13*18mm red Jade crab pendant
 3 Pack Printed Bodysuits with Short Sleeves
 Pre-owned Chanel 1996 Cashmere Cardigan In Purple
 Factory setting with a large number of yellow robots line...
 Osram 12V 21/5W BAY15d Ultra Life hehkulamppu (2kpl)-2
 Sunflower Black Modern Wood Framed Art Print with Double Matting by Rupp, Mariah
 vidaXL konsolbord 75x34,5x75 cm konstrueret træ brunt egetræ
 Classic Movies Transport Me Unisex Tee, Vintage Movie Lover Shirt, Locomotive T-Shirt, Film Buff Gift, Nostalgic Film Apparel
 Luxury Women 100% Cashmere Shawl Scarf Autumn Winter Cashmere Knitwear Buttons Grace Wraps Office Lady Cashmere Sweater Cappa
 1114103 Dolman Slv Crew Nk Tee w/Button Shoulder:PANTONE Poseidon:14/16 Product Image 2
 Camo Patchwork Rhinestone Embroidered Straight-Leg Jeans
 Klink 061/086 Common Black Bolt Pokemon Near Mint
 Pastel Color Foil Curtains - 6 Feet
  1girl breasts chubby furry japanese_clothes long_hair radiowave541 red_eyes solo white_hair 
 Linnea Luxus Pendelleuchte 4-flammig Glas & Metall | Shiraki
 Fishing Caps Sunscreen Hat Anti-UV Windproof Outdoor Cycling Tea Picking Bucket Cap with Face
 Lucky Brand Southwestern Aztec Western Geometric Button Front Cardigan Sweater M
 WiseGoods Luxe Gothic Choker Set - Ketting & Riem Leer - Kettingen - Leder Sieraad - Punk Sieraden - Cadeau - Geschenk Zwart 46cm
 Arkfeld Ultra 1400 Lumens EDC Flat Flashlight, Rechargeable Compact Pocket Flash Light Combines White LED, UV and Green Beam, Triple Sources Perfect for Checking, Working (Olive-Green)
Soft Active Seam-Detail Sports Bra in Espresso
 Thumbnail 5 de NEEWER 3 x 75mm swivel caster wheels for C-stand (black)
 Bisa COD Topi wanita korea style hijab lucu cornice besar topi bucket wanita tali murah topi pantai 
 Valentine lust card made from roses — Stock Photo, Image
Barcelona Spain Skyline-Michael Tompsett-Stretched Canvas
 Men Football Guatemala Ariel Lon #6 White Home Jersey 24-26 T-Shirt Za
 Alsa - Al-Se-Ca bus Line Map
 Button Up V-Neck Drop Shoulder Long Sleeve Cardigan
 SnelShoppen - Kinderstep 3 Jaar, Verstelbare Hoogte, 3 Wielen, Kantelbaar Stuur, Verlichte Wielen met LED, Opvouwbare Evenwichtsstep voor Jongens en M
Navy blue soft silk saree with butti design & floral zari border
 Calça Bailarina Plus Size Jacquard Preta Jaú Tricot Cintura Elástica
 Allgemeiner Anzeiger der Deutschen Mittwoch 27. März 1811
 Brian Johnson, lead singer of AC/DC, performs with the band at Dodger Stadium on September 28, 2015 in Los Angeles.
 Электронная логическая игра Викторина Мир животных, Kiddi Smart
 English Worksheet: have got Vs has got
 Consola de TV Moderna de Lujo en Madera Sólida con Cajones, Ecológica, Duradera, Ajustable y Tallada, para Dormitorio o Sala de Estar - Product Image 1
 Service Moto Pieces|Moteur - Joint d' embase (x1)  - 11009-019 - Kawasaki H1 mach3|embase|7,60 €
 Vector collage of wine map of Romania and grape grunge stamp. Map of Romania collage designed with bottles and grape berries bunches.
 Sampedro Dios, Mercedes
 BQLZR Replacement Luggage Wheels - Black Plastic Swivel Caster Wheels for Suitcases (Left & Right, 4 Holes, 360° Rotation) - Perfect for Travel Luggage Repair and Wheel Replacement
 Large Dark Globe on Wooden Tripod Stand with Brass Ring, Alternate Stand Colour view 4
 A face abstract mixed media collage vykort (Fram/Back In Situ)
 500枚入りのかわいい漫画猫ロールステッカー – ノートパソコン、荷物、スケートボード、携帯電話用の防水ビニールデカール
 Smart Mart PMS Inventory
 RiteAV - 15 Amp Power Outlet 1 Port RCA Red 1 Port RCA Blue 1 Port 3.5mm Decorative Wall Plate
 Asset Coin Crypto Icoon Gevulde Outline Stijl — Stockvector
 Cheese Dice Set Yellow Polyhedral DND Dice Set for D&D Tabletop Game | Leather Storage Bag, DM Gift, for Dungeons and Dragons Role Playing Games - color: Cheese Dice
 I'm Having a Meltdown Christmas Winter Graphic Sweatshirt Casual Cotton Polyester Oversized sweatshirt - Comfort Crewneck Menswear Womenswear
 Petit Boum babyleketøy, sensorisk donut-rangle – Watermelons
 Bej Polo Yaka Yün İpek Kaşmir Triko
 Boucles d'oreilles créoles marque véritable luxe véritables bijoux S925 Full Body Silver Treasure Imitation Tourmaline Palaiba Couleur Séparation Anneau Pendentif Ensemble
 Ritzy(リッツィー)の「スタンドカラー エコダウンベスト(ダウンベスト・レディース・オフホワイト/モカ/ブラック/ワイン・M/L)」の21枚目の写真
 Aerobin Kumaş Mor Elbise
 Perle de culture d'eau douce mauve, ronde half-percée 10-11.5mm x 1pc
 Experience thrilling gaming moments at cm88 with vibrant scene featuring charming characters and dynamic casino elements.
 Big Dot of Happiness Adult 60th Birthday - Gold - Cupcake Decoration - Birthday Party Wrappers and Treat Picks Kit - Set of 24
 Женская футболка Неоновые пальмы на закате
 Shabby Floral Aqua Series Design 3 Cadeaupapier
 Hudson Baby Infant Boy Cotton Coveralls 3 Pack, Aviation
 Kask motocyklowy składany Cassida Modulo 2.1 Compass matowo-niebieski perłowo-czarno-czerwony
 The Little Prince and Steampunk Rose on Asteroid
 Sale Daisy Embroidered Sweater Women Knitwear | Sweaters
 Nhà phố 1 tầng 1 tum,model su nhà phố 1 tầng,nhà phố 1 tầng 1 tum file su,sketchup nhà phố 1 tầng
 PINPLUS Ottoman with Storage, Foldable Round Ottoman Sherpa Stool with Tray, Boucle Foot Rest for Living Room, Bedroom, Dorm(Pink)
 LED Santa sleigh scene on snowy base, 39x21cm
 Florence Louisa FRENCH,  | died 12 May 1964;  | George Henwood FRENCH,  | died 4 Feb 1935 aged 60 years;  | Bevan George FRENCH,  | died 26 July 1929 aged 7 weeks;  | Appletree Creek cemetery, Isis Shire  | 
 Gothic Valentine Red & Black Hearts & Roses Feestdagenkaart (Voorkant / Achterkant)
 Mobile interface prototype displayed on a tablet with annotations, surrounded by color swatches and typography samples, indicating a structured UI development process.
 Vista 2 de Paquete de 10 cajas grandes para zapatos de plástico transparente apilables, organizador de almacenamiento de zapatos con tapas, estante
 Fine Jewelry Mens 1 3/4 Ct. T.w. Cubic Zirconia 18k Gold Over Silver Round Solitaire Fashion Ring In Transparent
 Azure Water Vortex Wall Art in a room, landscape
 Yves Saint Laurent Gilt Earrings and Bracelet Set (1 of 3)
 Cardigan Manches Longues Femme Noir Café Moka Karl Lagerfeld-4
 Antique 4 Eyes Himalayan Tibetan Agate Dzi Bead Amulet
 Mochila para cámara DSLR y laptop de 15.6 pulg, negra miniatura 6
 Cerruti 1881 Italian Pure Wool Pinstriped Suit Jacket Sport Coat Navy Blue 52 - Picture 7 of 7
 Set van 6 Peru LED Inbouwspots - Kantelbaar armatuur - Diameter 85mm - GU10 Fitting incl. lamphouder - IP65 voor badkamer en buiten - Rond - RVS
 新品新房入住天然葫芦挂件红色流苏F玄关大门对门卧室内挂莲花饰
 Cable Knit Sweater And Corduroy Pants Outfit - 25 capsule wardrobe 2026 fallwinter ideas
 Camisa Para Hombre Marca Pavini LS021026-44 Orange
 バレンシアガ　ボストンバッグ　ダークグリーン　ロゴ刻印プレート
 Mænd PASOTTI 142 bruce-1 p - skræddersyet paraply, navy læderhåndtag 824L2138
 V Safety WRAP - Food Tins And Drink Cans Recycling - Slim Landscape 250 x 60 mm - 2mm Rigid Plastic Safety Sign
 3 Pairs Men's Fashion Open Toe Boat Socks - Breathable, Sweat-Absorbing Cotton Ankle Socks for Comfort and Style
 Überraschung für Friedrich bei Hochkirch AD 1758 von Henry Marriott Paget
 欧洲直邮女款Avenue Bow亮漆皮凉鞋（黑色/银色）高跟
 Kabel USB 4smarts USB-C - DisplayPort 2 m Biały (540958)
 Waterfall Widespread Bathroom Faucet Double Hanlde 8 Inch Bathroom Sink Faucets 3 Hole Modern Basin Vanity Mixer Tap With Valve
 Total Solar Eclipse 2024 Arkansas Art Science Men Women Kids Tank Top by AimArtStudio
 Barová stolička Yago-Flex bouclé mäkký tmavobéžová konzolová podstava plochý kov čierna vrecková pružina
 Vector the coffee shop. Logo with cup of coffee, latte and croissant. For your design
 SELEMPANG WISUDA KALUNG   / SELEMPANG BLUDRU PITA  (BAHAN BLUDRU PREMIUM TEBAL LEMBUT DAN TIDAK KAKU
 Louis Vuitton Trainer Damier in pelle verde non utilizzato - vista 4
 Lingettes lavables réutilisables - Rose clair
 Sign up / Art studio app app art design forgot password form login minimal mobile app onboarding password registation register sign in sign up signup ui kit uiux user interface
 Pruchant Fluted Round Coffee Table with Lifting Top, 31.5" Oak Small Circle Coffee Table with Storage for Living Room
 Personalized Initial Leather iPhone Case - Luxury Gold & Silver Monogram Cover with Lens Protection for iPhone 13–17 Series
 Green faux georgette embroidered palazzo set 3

· · · ·

● The problem: Check the entries above line by line and return each one containing the word "Silver".

● Solution to this task:
 Boucles d'oreilles créoles marque véritable luxe véritables bijoux S925 Full Body Silver Treasure Imitation Tourmaline Palaiba Couleur Séparation Anneau Pendentif Ensemble
 Fine Jewelry Mens 1 3/4 Ct. T.w. Cubic Zirconia 18k Gold Over Silver Round Solitaire Fashion Ring In Transparent
 Personalized Initial Leather iPhone Case - Luxury Gold & Silver Monogram Cover with Lens Protection for iPhone 13–17 Series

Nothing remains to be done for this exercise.